[Dataset records]
++++
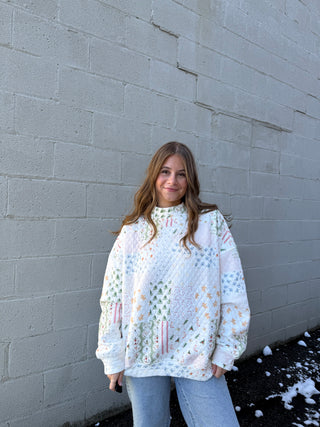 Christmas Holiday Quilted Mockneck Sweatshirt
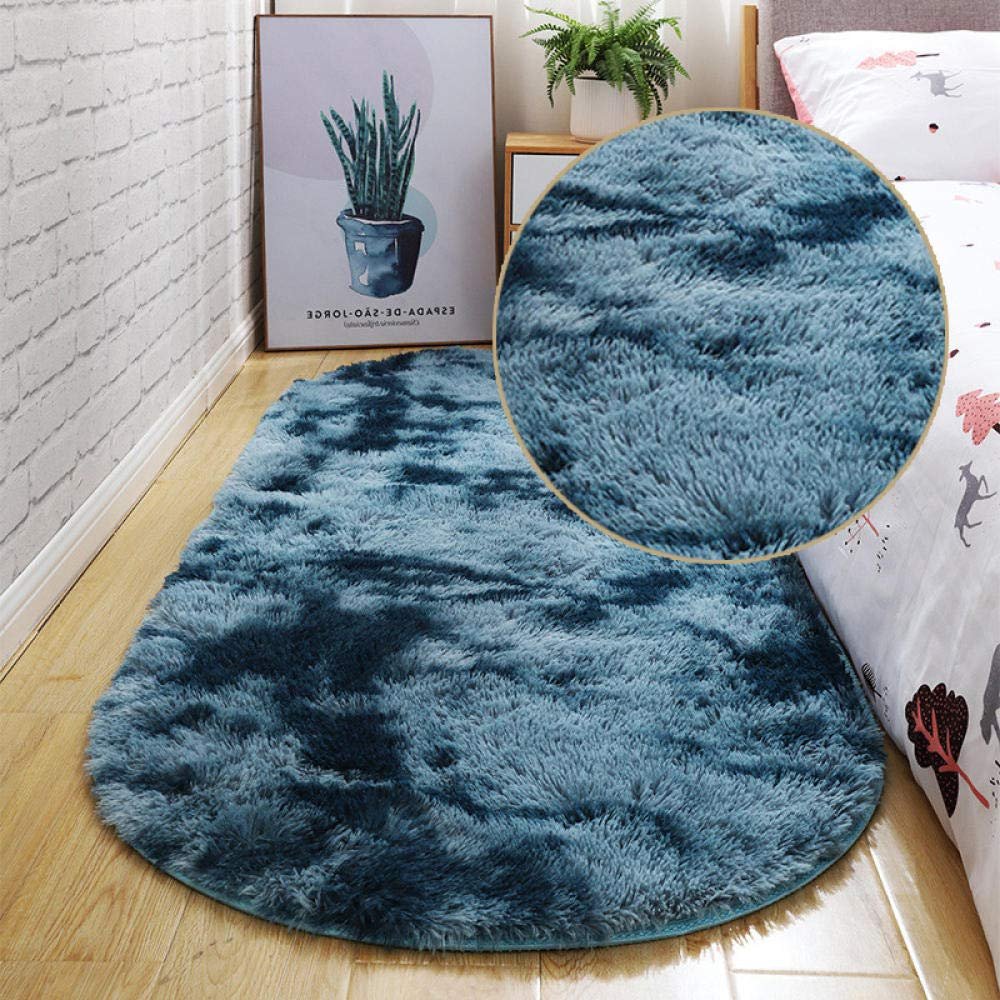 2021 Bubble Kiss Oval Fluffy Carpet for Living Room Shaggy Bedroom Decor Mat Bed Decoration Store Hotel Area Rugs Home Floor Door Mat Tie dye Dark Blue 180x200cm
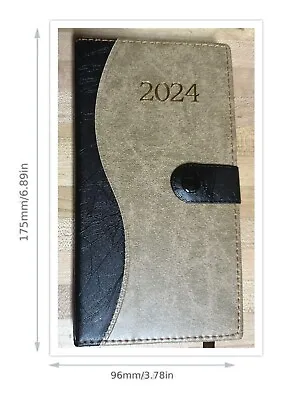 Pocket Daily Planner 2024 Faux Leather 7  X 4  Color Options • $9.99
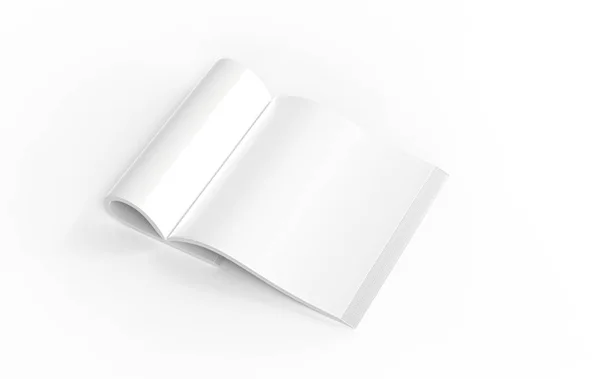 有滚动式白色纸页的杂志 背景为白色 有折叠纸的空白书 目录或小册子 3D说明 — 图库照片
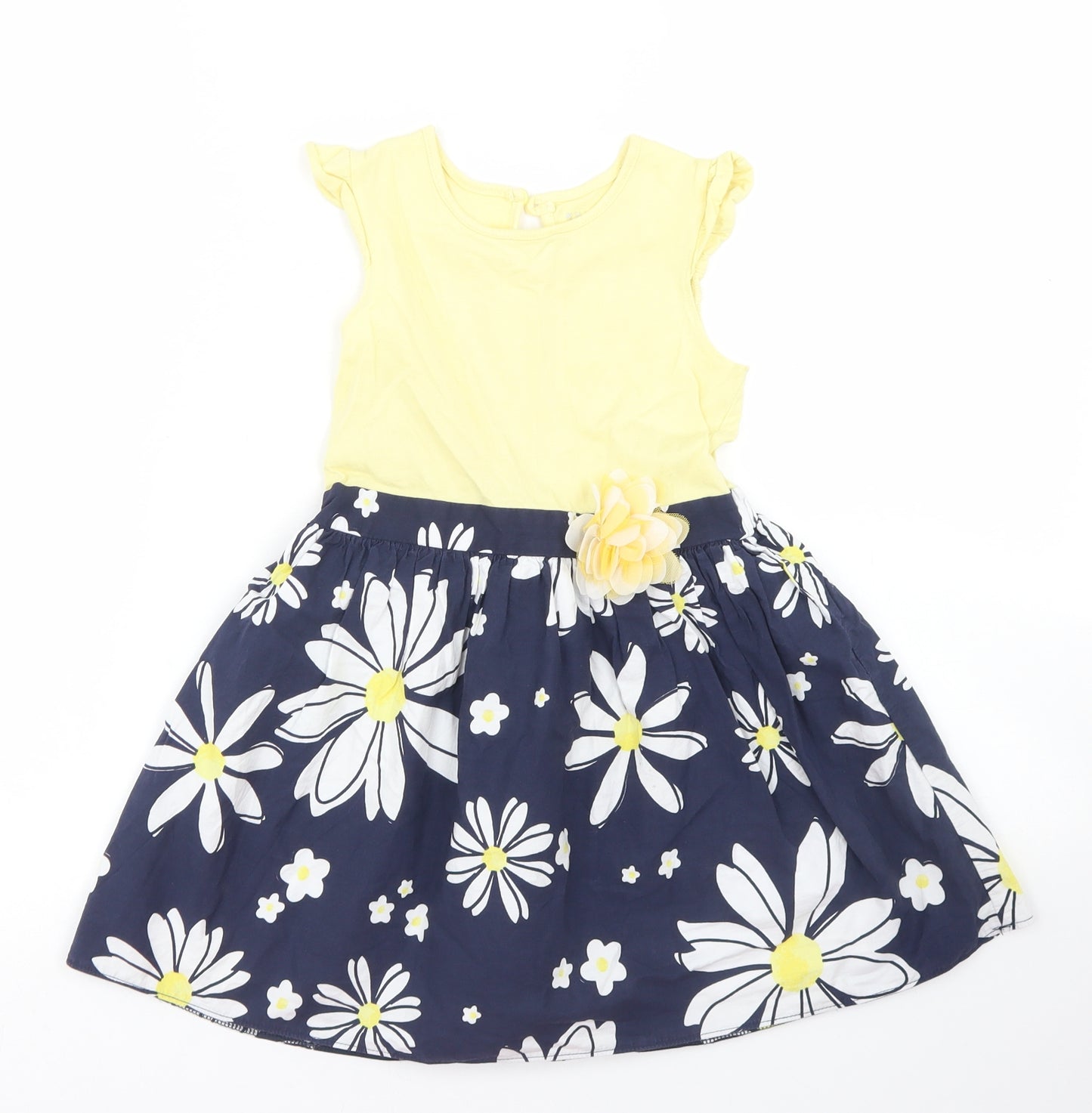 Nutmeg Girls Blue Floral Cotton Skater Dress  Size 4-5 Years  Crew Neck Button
++++
**TASK GOAL:** Extract, verbatim and alone, the lines from the line that contains "有滚动式白色纸页的杂志 背景为白色 有折叠纸的空白书" to the last line of the records, inclusive; drop any picture.

**COMPLETED TASK:**
 有滚动式白色纸页的杂志 背景为白色 有折叠纸的空白书 目录或小册子 3D说明 — 图库照片
 Nutmeg Girls Blue Floral Cotton Skater Dress  Size 4-5 Years  Crew Neck Button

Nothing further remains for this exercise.